| HN Mirror

Y	Hacker News new \| ask \| show \| jobs


	by janalsncm 1121 days ago
	ChatGPT is the killer app. It’s a Google killer. It is better than the SEO listicle garbage filling the internet. Even if it’s not always accurate it’s still better in a lot of circumstances. There’s a reason Sundar rushed Bard out of the gate even though it is clearly inferior.

3 comments

jnsaff2 1121 days ago

Step 1. Humans write copy for humans to buy their garbage, humans counter by tuning out and switching channels

Step 2. Humans write SEO copy for machines to rank them higher.

Step 3. LLM writes copy for machines to rank them higher.

Step 4. Human uses LLM to try to distill the LLM generated SEO spam for any remaining signal.

Also to your point:

> SEO listicle garbage filling the internet.

the feeling that the LLM is better than what you described is going to be very temporary, then the mountains of LLM generated bullshit is going to overwhelm even LLM to make meaningful sense of.

link

friend_and_foe 1121 days ago

You're missing the point. If we want to know something, we won't even have to google it; we will just ask an LLM. There will be no market for websites full of it because we can just directly ask it to answer our questions.

The only "if" to all this is if we will destroy the LLMs by feeding them their own diarrhea. I expect a sort of natural selection here to play out, especially in the open source space. Ones that are trained on LLM generated blogspam will probably, I expect, get outperformed by ones that are trained on genuine information, or at the very least ones made using new techniques that adequately filter noise.

link

mcphage 1121 days ago

> If we want to know something, we won't even have to google it; we will just ask an LLM. There will be no market for websites full of it because we can just directly ask it to answer our questions.

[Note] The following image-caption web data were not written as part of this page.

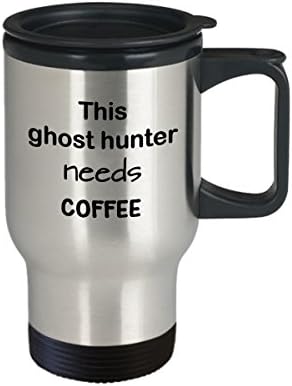 Ghost Hunters Travel Caneca Gift, Este caçador de fantasmas precisa de café, caneca de café em aço inoxidável com tampa, presente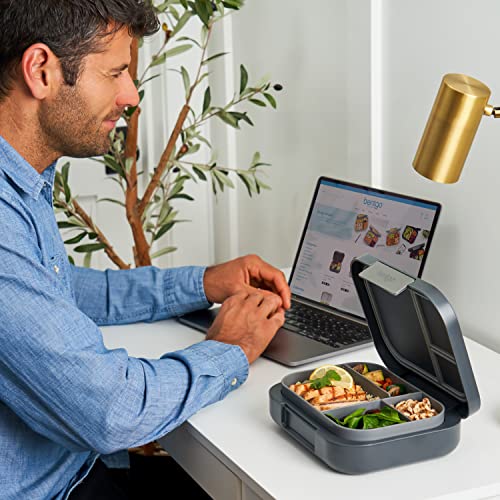 Bentgo® Modern - Versatile 4-Compartment Bento-Style Lunch Box for Adults and Teens, Leak-Resistant, Ideal for On-the-Go Balanced Eating - BPA-Free, Matte Finish and Ergonomic Design (Dark Gray)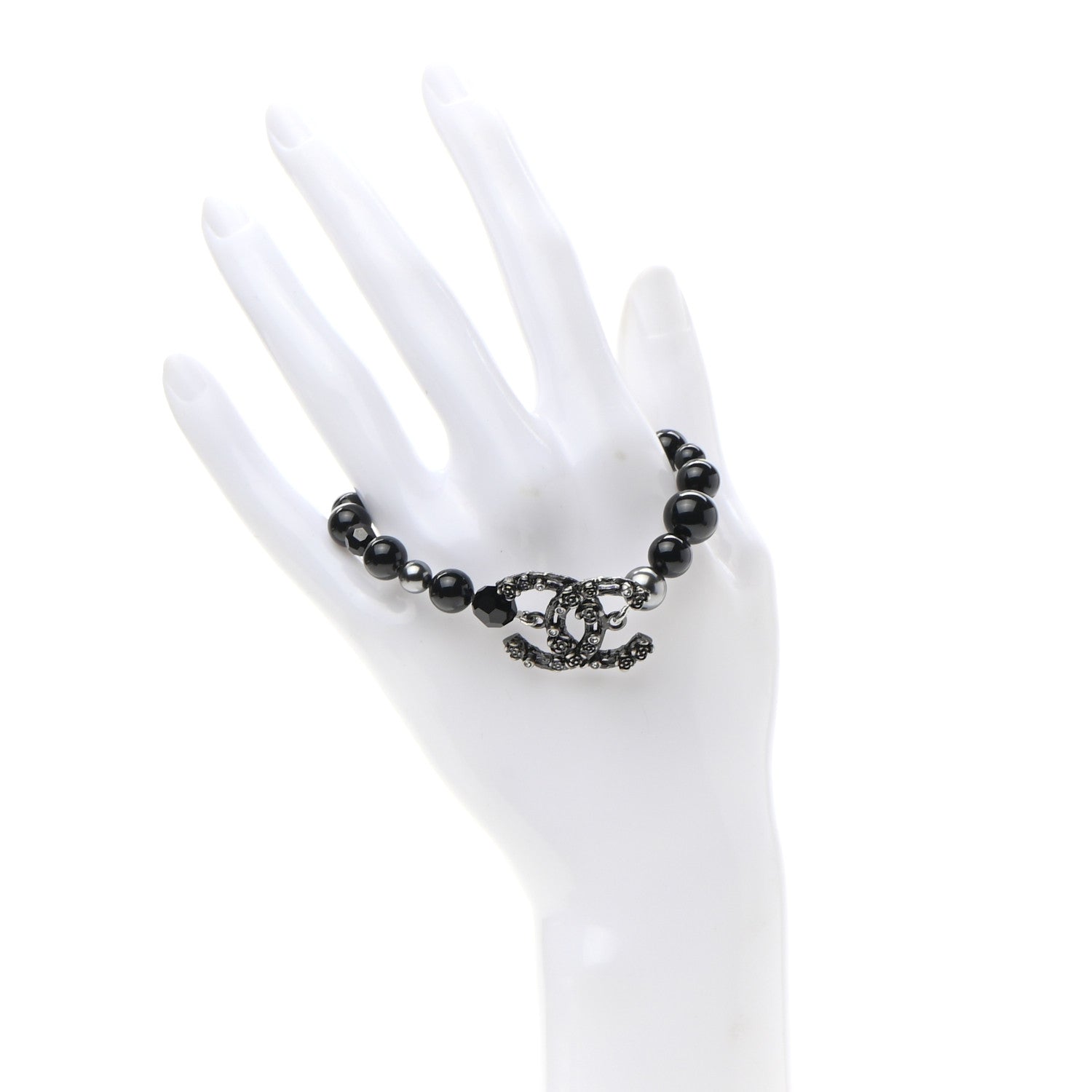 Chanel Pearl Crystal CC Camellia Bracelet Ruthenium Black 2 of 4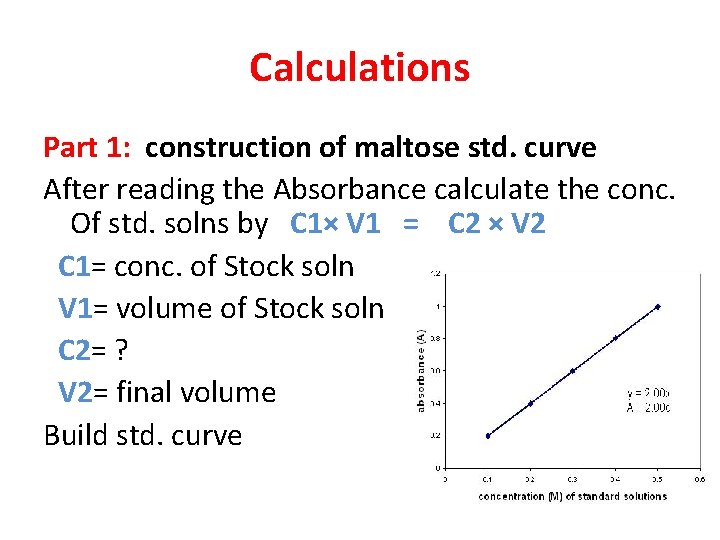 Calculations Part 1: construction of maltose std. curve After reading the Absorbance calculate the Calculations Part 1: construction of maltose std. curve After reading the Absorbance calculate the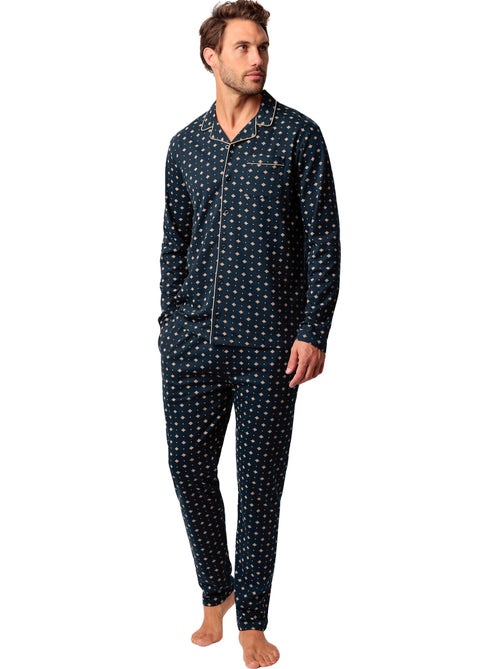 Pyjama pantalon chemise manches longues Classic Tie - Kiabi Pyjama pantalon chemise manches longues Classic Tie - Kiabi
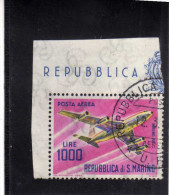 SAN MARINO 1964 POSTA AEREA AIR MAIL AEREI MODERNI MODERN PLANES LIRE 1000 BOEING 707 QUADRIREATTORE USATO USED - Poste Aérienne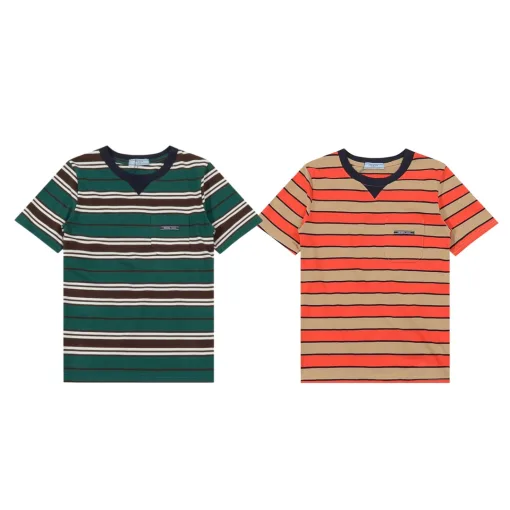 Bestseller Prada Kurzarm-T-Shirts Grüne Baumwolle Gestreifte Kollektion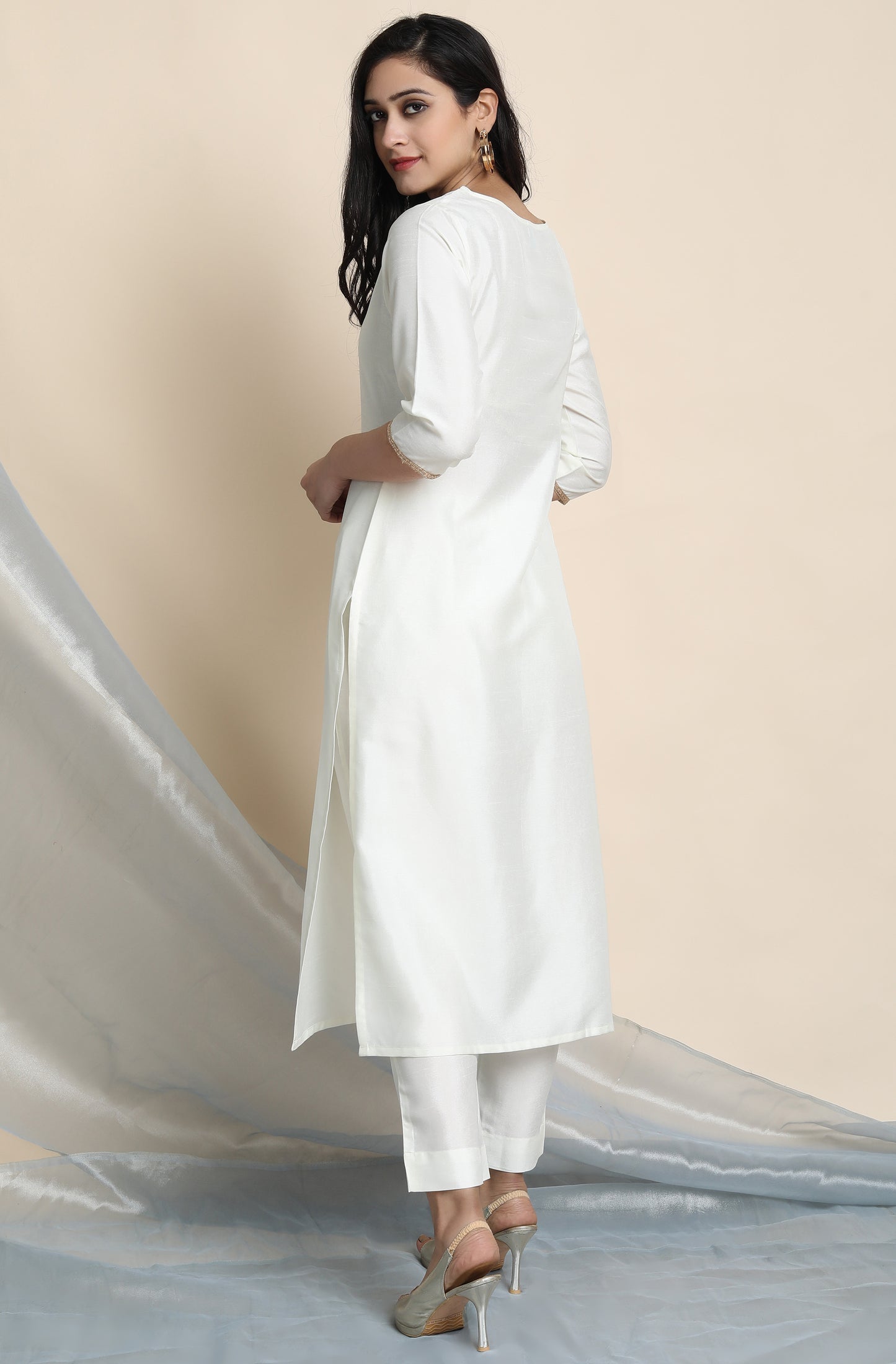 Elegant Off-White Poly Silk Kurta Set: Kurta, Pant, and Dupatta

How will it learn anything new?

link

jmye 1121 days ago

> Ones that are trained on LLM generated blogspam will probably, I expect, get outperformed by ones that are trained on genuine information, or at the very least ones made using new techniques that adequately filter noise.

Yes, humans are notorious for only seeking out high quality, accurate data, especially when it conflicts with our priors.

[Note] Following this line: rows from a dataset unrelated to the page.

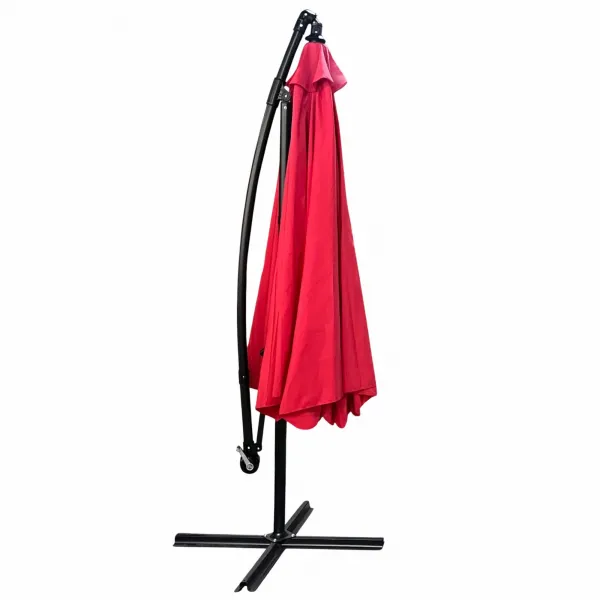 Ak furniture Zahradní slunečník CYNIA s boční nohou 300 cm červený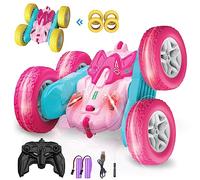 seveclotree Voiture Télécommandée Fille,4WD Voiture Telecommandé Tout Terrain 2,4GHz Radiocommandée RC Stunt Car,Jeux Extérieur Interieur Jouet Cadeau Fille 3 4 5 6 7 8 9 10 Ans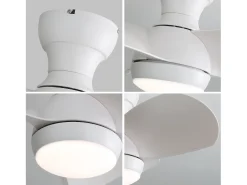 Ventilador de techo blanco de 23 pulgadas ---- Ventilador de techo con luz LED y 3 aspas de ABS --- para dormitorio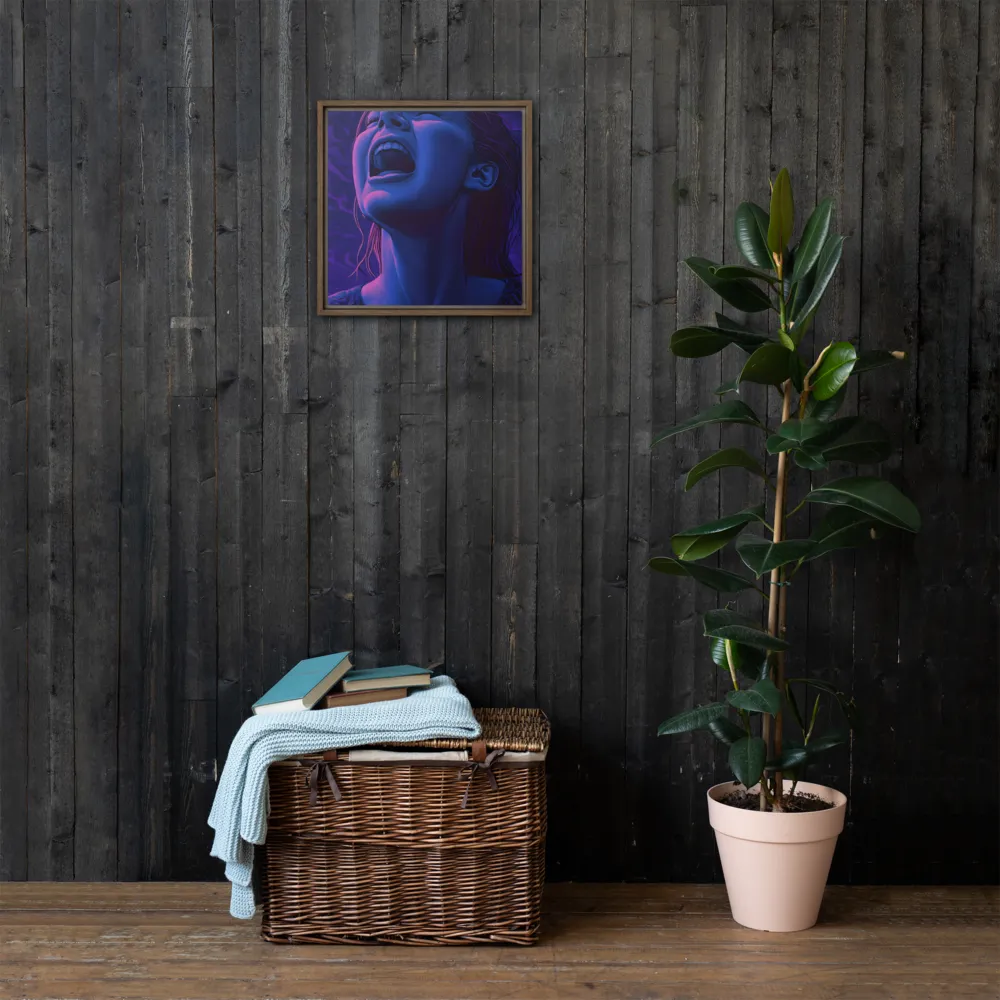 Echoes of Anguish | Canvas with Brown Frame | 16″×16″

To say nothing of our ability to assess the accuracy or truthiness of information in the first place (look at how many people take, on faith, that Chat GPT isn’t wrong as often as it is right).

link

mrguyorama 1121 days ago

But there's still no way to get an LLM to only output "fact", because that's not a property of language.

link

ben_w 1120 days ago

That's also true of a web search engine; but an LLM can (in principle, not saying it's there yet) be able to spot inconsistencies in the source data, to notice disagreement.

link

janalsncm 1121 days ago

I’m not following. If ChatGPT gets worse, OpenAI can simply not update it. Or revert to a previous version.

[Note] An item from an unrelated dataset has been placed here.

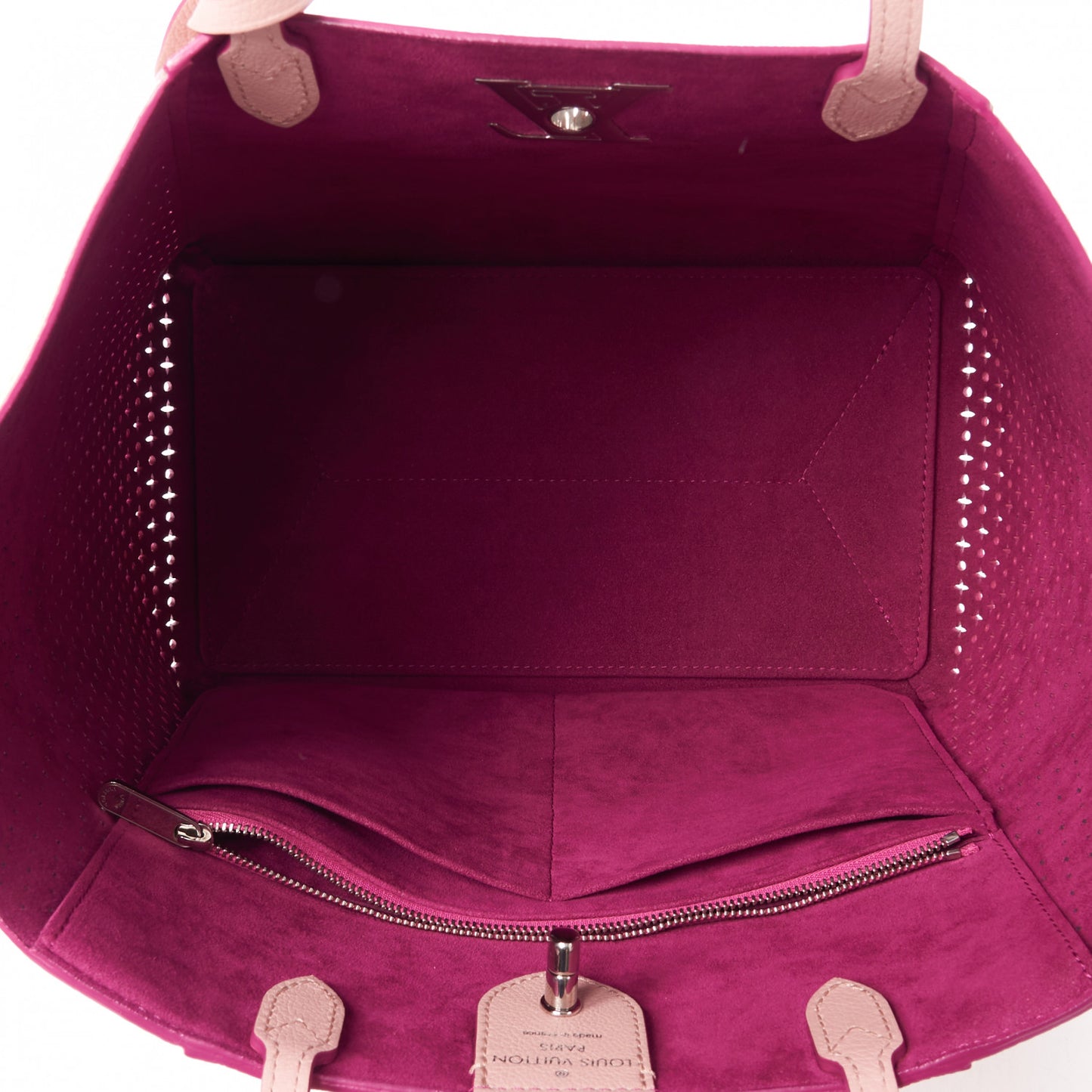Calfskin Perforated Lockme Cabas Rose Poudre Creme
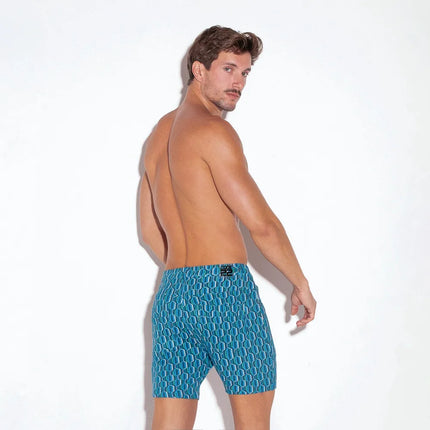 Code 22 slim fit 5" stretch short 9712 geometric blue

For Google, they’re at the mercy of whatever the internet has.

link

jnsaff2 1121 days ago

ChatGPT is also at the mercy of whatever the internet has. Including more and more of what it was used to generate.

link

janalsncm 1121 days ago

It isn’t though. Like I said, if the model gets worse OpenAI can simply not release a new version.

You also have to consider the money angle. As using ChatGPT and other chatbots becomes more popular, people will stop producing garbage internet articles because they will be less popular and therefore less profitable. Bloggers who enjoy writing will continue to do so because it was never about the money, they just enjoy writing.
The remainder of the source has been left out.